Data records
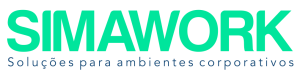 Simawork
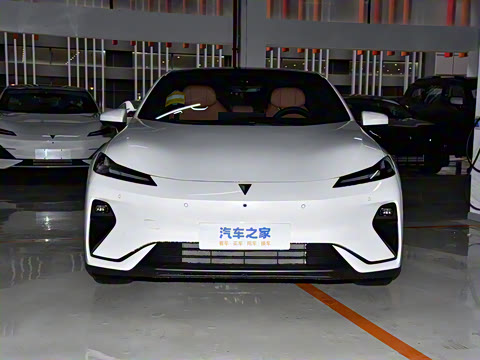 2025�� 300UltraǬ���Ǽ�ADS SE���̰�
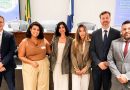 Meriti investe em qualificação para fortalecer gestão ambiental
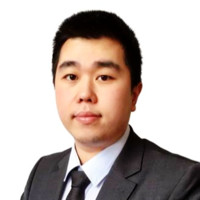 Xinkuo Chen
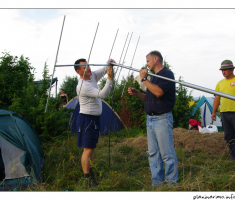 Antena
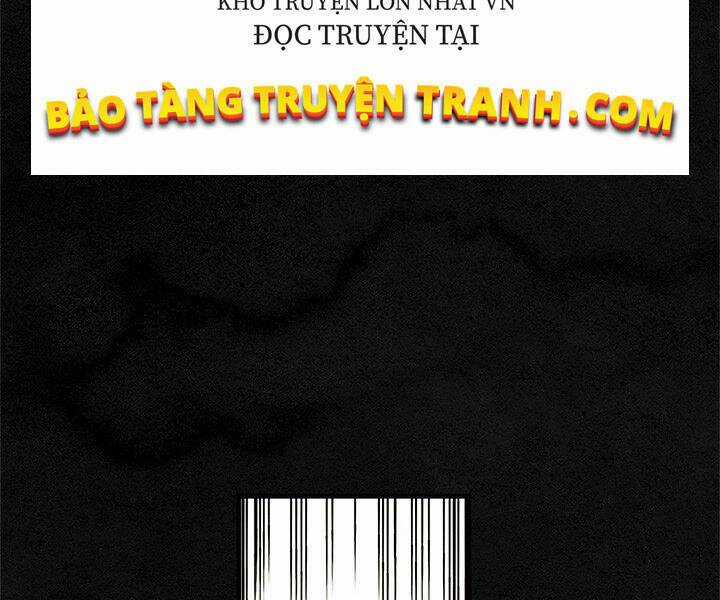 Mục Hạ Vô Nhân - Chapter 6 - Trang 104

(Task goal) Omit the pictures and please write out exactly the lines between the one containing "Meriti investe em" and the last line of the entries, both included.

(Reply)
 Meriti investe em qualificação para fortalecer gestão ambiental
 Xinkuo Chen
 Antena
 Mục Hạ Vô Nhân - Chapter 6 - Trang 104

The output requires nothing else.